# Work required:
The reply should contain all of the data below, word for word.

# Given data:
----
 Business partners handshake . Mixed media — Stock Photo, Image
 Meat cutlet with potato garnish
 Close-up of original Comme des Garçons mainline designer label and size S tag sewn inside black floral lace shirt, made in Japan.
----
# Reply to the exercise:
 Business partners handshake . Mixed media — Stock Photo, Image
 Meat cutlet with potato garnish
 Close-up of original Comme des Garçons mainline designer label and size S tag sewn inside black floral lace shirt, made in Japan.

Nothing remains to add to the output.